Rede von: Unbekanntinfo_outline
Herr Präsident! Meine Damen und Herren! Lassen Sie mich als Metallarbeiter für die GRÜNEN auf den Grund hinweisen, warum wir die Aktuelle Stunde beantragt haben: Es ist der massive Eingriff von Seiten der Regierungskoalition und der Bundesregierung und Vertretern der CDU wie Herrn Barzel, der unmittelbar vor der Urabstimmung gesagt hat, daß die Tarifforderung nach der 35-Stunden-Woche den Staat in Frage stelle.
Das ist ein massiver Eingriff in die Tarifautonomie.

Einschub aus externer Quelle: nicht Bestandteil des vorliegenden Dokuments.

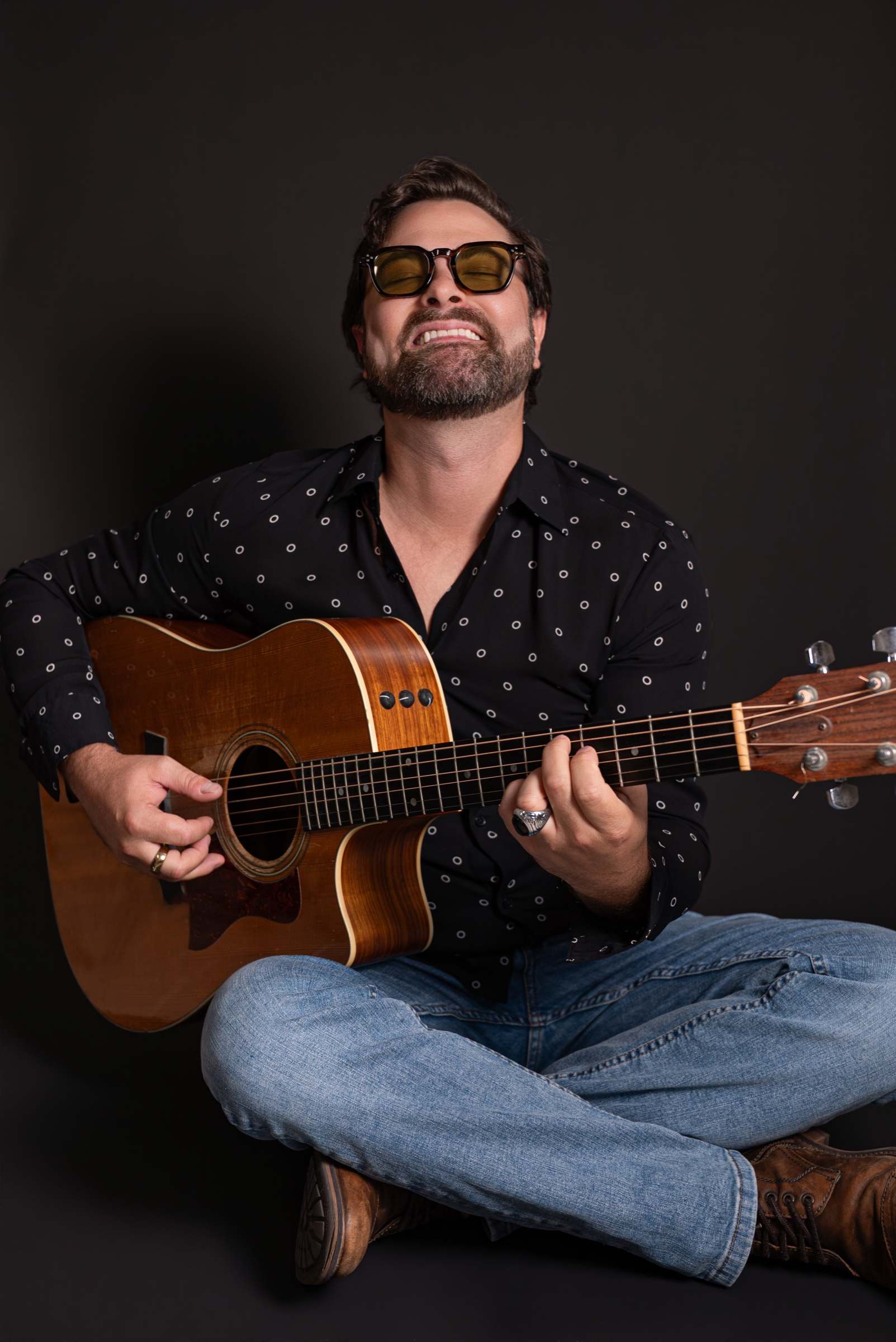 Willy B sitting cross-legged, playing an acoustic guitar and laughing with his head tilted back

Wenn ich das im Zusammenhang mit dem gestern vorgestellten Gesetzentwurf über eine Amnestie für die Parteispender aus der Industrie bringe, dann weiß ich jetzt, warum Sie sich der Industrie in dieser Weise verpflichtet fühlen.
Das Problem besteht darin: Die Mittel, die die Regierung bis zum Tag der Urabstimmung aufgeboten hat, um die Massenarbeitslosigkeit zu beseitigen, reichen nicht aus, um der Sache Herr zu werden. Der Vorruhestand, der jetzt Gesetz geworden ist und der nach Ihren eigenen optimistischsten Darstellungen höchstens 200 000 Arbeitsplätze neu besetzt, bringt uns in die Situation, daß immer noch über 2,2 Millionen Arbeitslose vorhanden sind. Auch das Wirtschaftswachstum, das Sie betreiben, führt nicht dazu, die Massenarbeitslosigkeit zu beseitigen.
Ich möchte Ihnen, Herr Lambsdorff, noch ein Musterbeispiel aus der Automobilindustrie zeigen, daß Ihre Politik des Wachstums nicht zur Schaffung von Arbeitsplätzen führt. Bei Daimler-Benz sind im März in der Aufsichtsratssitzung Investitionsprogramme über 10,8 Milliarden DM bis 1988 mit dem Ziel beschlossen worden, bei gleicher Belegschaft 100 000 Pkws mehr zu produzieren.
Das geschieht in einer Branche, in der wir von höchstem Wachstum sprechen. Die anderen hängen dabei hinten nach.
Deshalb ist Ihre Politik, Herr Blüm, wenn Sie sagen, Sie stünden auf der Seite der Arbeitslosen, mit dieser Wachstumspolitik nicht zu rechtfertigen.
Sie stehen nicht auf der Seite der Arbeitslosen, sondern auf der Seite dieses Wachstumskurses. Der ist allerdings so geartet, daß er nicht dahin führt, die Massenarbeitslosigkeit zu bekämpfen. Das ist die Politik, die Frau Thatcher in den letzten Jahren in England durchgeführt hat. Sie haben kein anderes Konzept. Deshalb sind Sie daran interessiert, mit Ihren Äußerungen die Gewerkschaften zwar nicht kaputtzumachen, sie aber etwas kleiner, schwächer zu machen, damit sie nicht mehr genügend Kraft haben, gegen Ihren Wachstumskurs anzugehen. Denn Sie brauchen die Gewerkschaft auch noch als Ordnungsfaktor. Das will ich Ihnen gerne konzedieren.